L’abattage de volailles à la ferme est une pratique ancestrale qui connaît un regain d’intérêt avec le développement des circuits courts et de l’autonomie alimentaire. Que vous souhaitiez transformer vos poules de réforme, vos poulets de chair ou vos canards, maîtriser les différentes étapes de l’abattage est essentiel pour garantir une viande de qualité dans le respect de l’animal.
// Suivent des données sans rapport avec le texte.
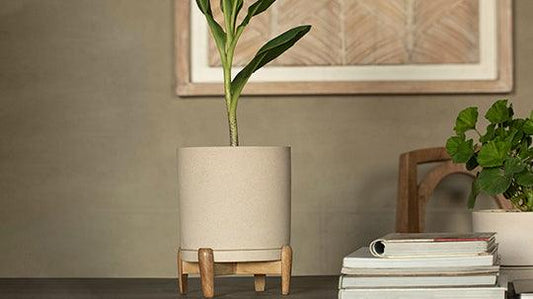Earth Day: 5 eco-friendly choices you should make today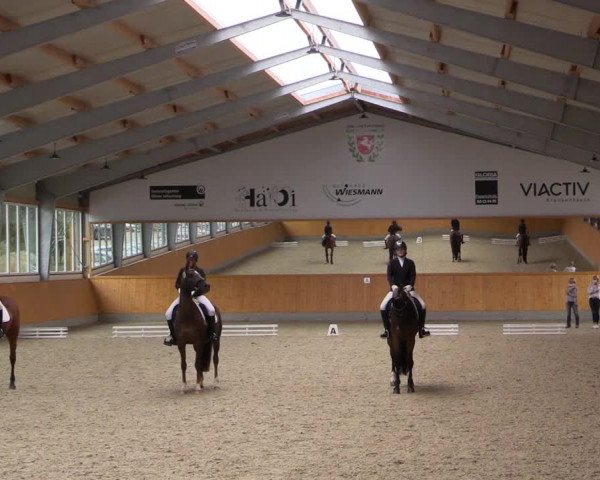 Reitturnier Münster-Amelsbüren 2021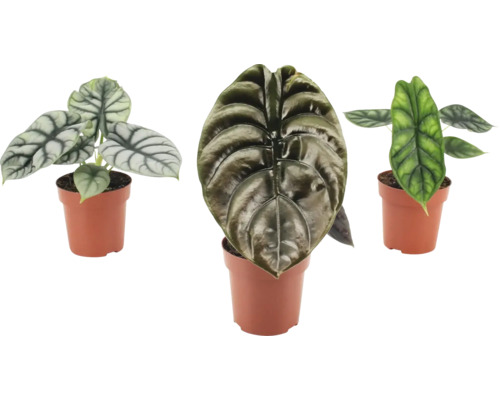 Drei Alocasia Zimmerpflanzen in Töpfen mit strukturierter Blattzeichnung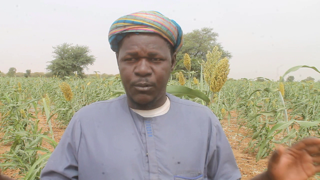 M’Bagne : Les cultivateurs de Hebiyabé-Ferralla dénoncent un accaparement déguisé de leurs terres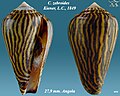 Conus zebroides Kiener, L.C., 1849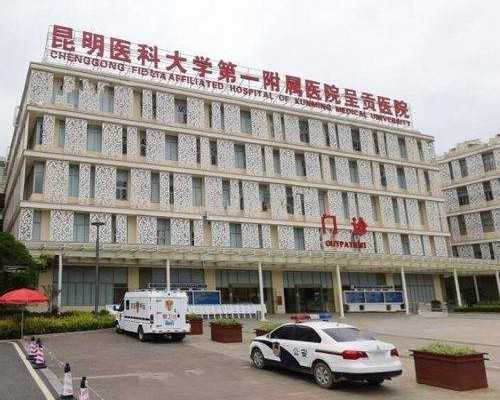 2026北京试管三代助孕生男孩最新收费,北京有哪些医院提供三代试管助孕服务？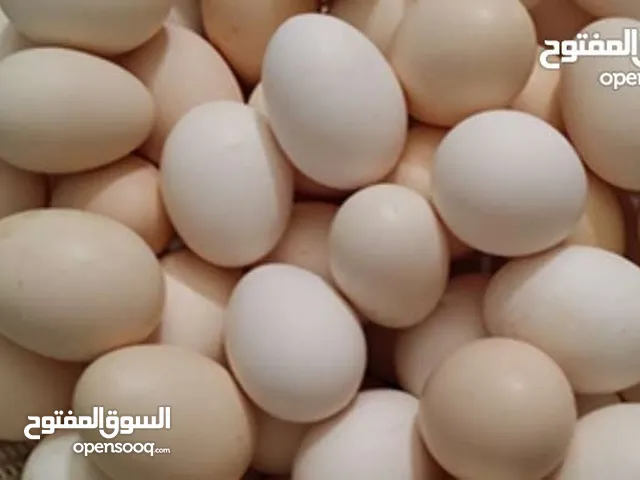 بيض كوشن وباكستاني مخصب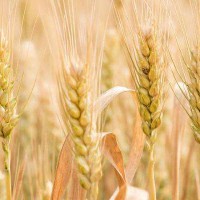 小麦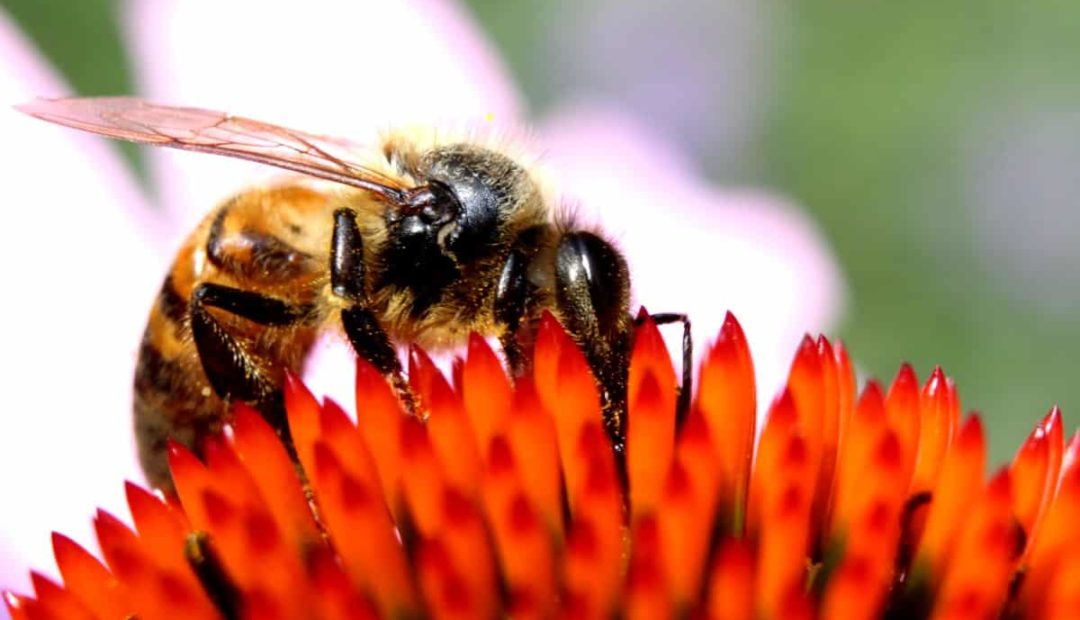 Alimentação energética para abelhas no inverno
Ce guide détaille chaque phase du processus, du jeûne préalable jusqu’au ressuage de la carcasse.
Cadre réglementaire et préparation

Ce que dit la loi
En France, l’abattage de volailles à la ferme est autorisé pour la consommation personnelle et la vente directe en petites quantités, sous certaines conditions. Pour un rappel complet de la législation, consultez notre article sur la réglementation de l’abattage à la ferme. Les points essentiels à retenir :
- L’abattage pour consommation personnelle est libre, sans déclaration.
- La vente directe au consommateur final est limitée à de petites quantités (jusqu’à 500 volailles par an selon les cas).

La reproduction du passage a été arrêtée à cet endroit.